В руках у отца был посох, на конце которого пламенел кумачевый очесок круто крашеной шерсти.

– Сосо! – обратился к нему отец. – Почему ты стал называться Кобой?

И, не дожидаясь, пока получит объяснение, продолжил:

– Имя, которое ты получаешь при рождении, правит нашей жизнью. Я – Бесо и мною…

Какой-то хохот разыгрался за его спиной. Но он не обернулся.

– Ты Иосиф Прекрасный, по-матерински сказал отец. – Зачем тебе этот поганый Коба?

Хохот перестал турсучить одеянье отца. Он даже, кажется, улегся у его ног и замурлыкал котенком.

– Ты знаешь, кто такой Иисус? – опять вопросил Бесо.

Он уронил фразу и тут же, пока она не долетела до земли, поднял ее живопорящей фразой:

– Хотя откуда тебе знать, ты же так и не окончил семинарии. А что увидел на небе, когда упулил себя на звезды?

Коба, не ведая зачем, но боялся спугнуть это наваждение. Было оно чем-то если не пророческим, то знаковым, что ли. Никогда отец не являлся ему ни во сне, ни наяву в таком благочестивом состоянии. Сколько он себя помнил, сроду был тот чем-то недоволен, а то и разгневан.

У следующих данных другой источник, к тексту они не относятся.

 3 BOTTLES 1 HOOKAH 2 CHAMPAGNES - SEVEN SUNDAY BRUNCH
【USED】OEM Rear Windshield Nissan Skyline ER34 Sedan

Сейчас он исходил благочестием.

– Так вот Иисус, – продолжал отец, – Сын Божий. И явился он в человеческом обличье затем, чтобы показать, что – в жизни – такой же, как все. А в смерти недостижим никем.

– Почему? – вяло полюбопытствовал Коба.

– Потому что воскрес из мертвых.

Внутри Кобы как-то само собой хмыкнулось.

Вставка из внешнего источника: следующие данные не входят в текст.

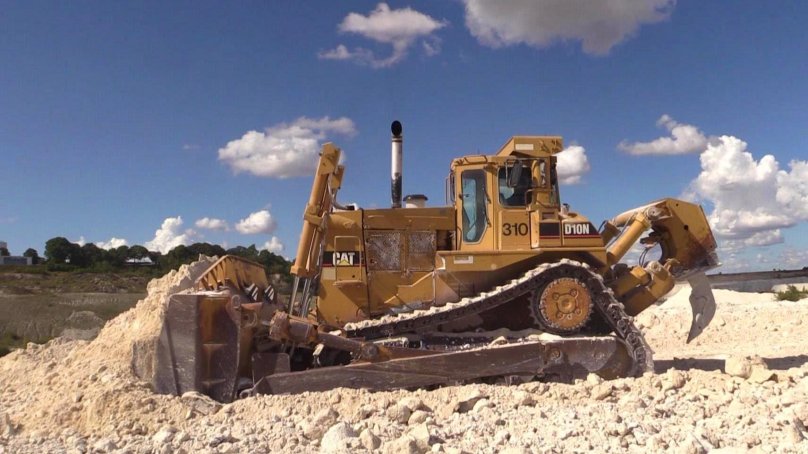 Caterpillar d10t2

Уж что-что, а это он все отлично знает.

И вдруг отец ему сказал:

– А тебе известно, почему Христос водил иудеев по пустыне?

Коба на минуту замер.

Так он делал всегда, когда надо было что-то вспомнить.

И в этот самый момент заметил, что вокруг ног Бесо, куда чуть раньше упал хохот, теперь извивается змея.

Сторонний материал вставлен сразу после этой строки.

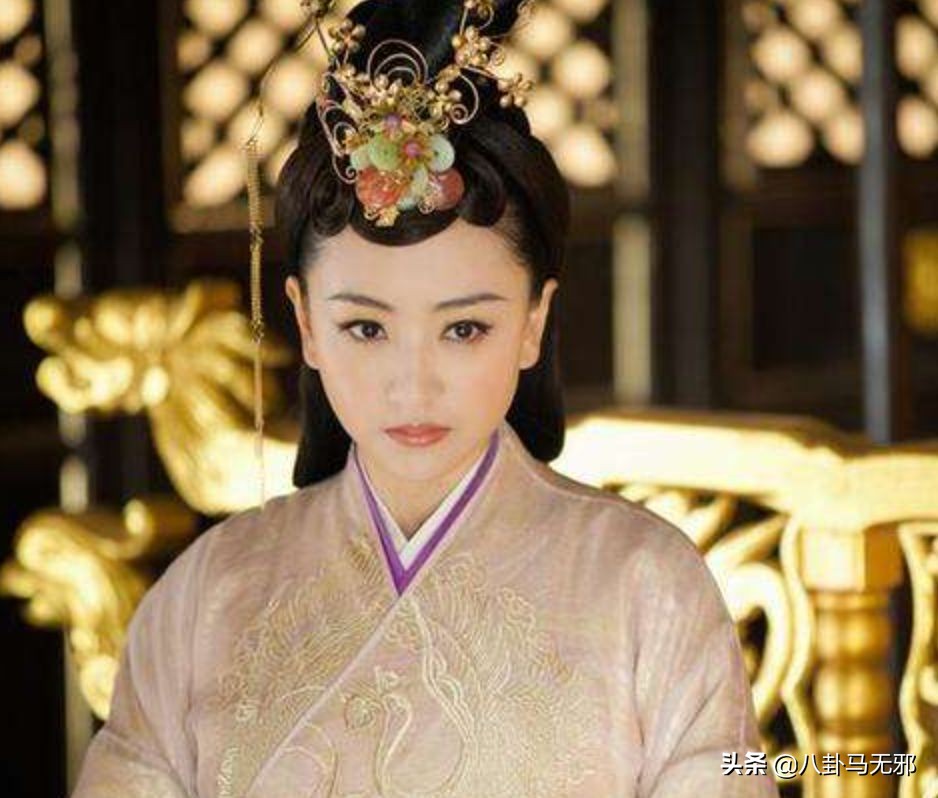 拒绝张艺谋，0绯闻让狗仔爬树，万年女二何日才能迎来“爆红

– Отец! Она тебя укусит! – крикнул он, кинув перстом в змею.

Бесо протянул ей руку, и она вползла ему на плечо.

– Сынок! – сказал он почти без назидания. – Те, кто собираются ужалить, не торопятся оказаться на виду у всех.

Бесо, как показалось Кобе, что-то шепнул змее и продолжил:

– Так вот Христос водил иудеев по пустыне, чтобы там, в сыпучих песках, утомить до той степени, чтобы они забыли все свое поганство и начали жизнь с чистого листа.

Что из этого получилось, ты знаешь.

Коба отник от видения в таком состоянии, словно давешняя змея проползла у него между лопаток. И вспомнил, что с нынешнего для решил вести дневник. Ведь завтра… Он взглянул на часы. Нет, уже сегодня наступит, точнее, уже наступил не только Новый год, но и Новый век. Хотя многие почему-то посчитали, что таковой датой явилось первое января девятисотого года. Но он-то, послуживший в обсерватории, отлично знает, что любой счет начинается с единицы, означивший справа число.

И вообще последнее время он во всем чувствовал какой-то непорядок судьбы. Ибо уже не был чадом восторга. Равно как брезговал читать бездарные книги. И даже кого-то поучал: «Если у тебя нет уверенности, что автор книги, которую ты читаешь, выбился из пагубы сюжета, значит, тебе повезло с чтивом. Ты сам создал ему интригу».

Тем более, что внезапно вспыхнувший к нему интерес подогрел и его собственное рвение стать великим, – и именно тогда он сел писать.

А что его остановило в этом?

А-а-а! Фальшь.

Да, банальная фальшь, на которую поддалась поэзия…

Но об этом лучше не вспоминать.

Теперь у него другие устремления. И обделенная часть человечества никогда не узнает, вернее, не почувствует, что это такое. А именно ему принадлежит такая фраза, неожиданно произнесенная во время спора: «Пустая жизнь – это историческая обуза».